Monday 20 November 2017

Grafton shares slide despite strong trading

Grafton Group CEO Gavin Slark. Photo: El Keegan
Grafton Group CEO Gavin Slark. Photo: El Keegan
John Mulligan

John Mulligan

Shares in Grafton Group fell more than 7pc at one stage yesterday despite the company reporting strong trading in the four months to the end of October.

The group noted that demand in its UK merchanting business softened in October, however, with volumes broadly flat compared to an improving trend in 2016's fourth quarter.
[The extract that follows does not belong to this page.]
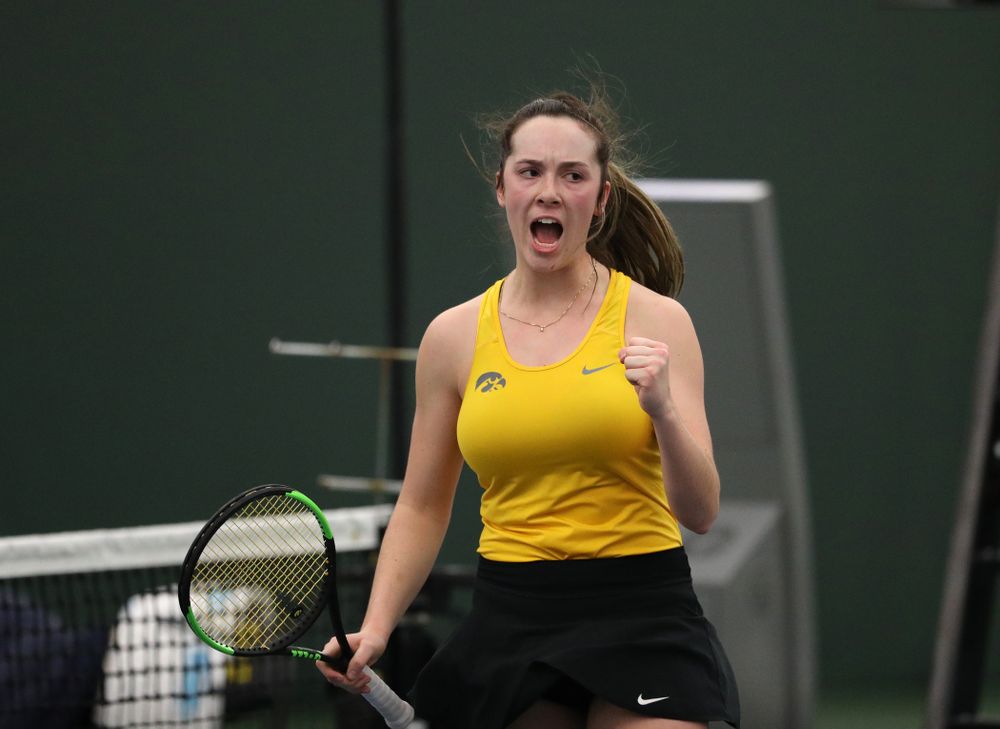 Iowa's Sam Mannix plays a doubles match against Xavier Friday, January 18, 2019 at the Hawkeye Tennis and Recreation Center. (Brian Ray/hawkeyesports.com)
Grafton shares also came under pressure as shares in UK housebuilders including Redrow, Taylor Wimpey and Persimmon fell amid concerns over political and economic uncertainty. Grafton chief executive Gavin Slark warned that the dampened demand in October at the group's UK merchanting unit will probably continue for the remainder of the year. "The Irish and Netherlands businesses should benefit from favourable trading conditions and strong market positions," he added.

Grafton said group revenue for the 10 months to the end of October was 9.1pc higher at £2.11bn (€2.38bn). In constant currency terms the figure was up 6.9pc. Like-for-like sales in the four months to the end of October were 6.1pc higher.
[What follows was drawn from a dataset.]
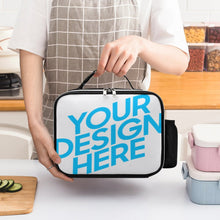Lade das Bild in den Galerie-Viewer, Abnehmbare Leder Lunchtasche Lunch Bag Kühltasche mit Tragegriff 21×27×9cm mit Foto / Text selbst gestalten und bedrucken
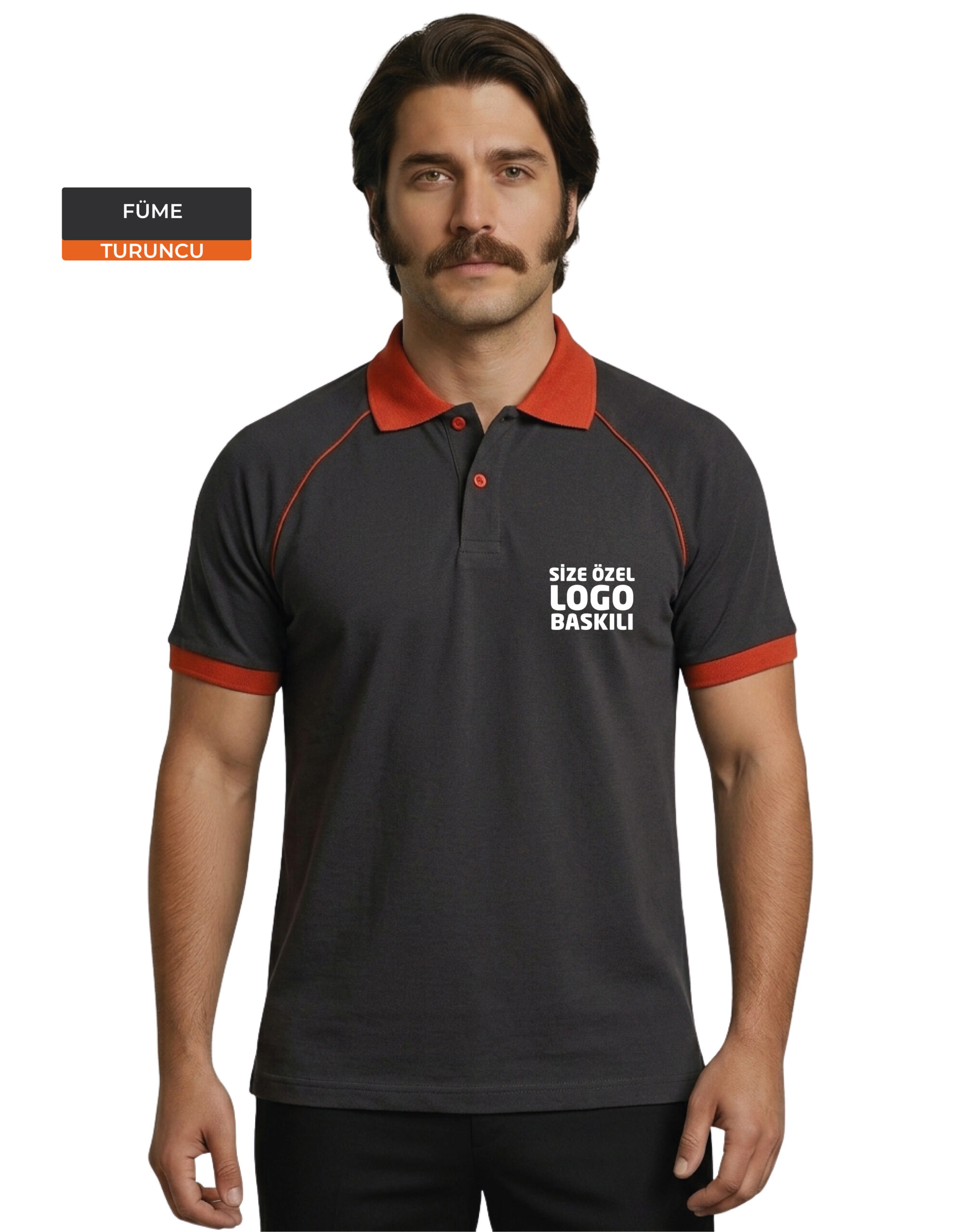 Logo Baskılı Füme Turuncu Detaylı Polo Yaka Tişört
That compared to a 6.5pc rate of increase during the previous four months.

Grafton's merchanting business accounts for 92pc of its total revenues, with its Woodies retail business in Ireland accounting for just 6pc of turnover.

In the UK, Grafton owns builders' suppliers chains such as Selco, Plumbase and Buildbase. It generates more than 70p of its revenue in the UK. Grafton said that pricing in the sector remains competitive.

In Ireland, Grafton owns merchanting brands including Chadwicks and Heiton Buckley.

During the four months to the end of October, like-for-like sales at the Irish merchanting division rose 8.4pc.

"The pace of growth in the Irish merchanting business moderated a little, as anticipated, although the prospects for sustained growth are positive," noted Grafton. "The recovery in house building gathered momentum from a low base but it will require several years for supply to meet ongoing demand. Non-residential construction is in the early stages of a recovery that is expected to remain on a firm growth path."

Like-for-like sales at Woodies jumped 9.1pc in the four months to the end of October.

"Spending in Woodie's stores increased strongly as customers responded positively to the store upgrades and as employment and incomes continued to rise," according to Grafton.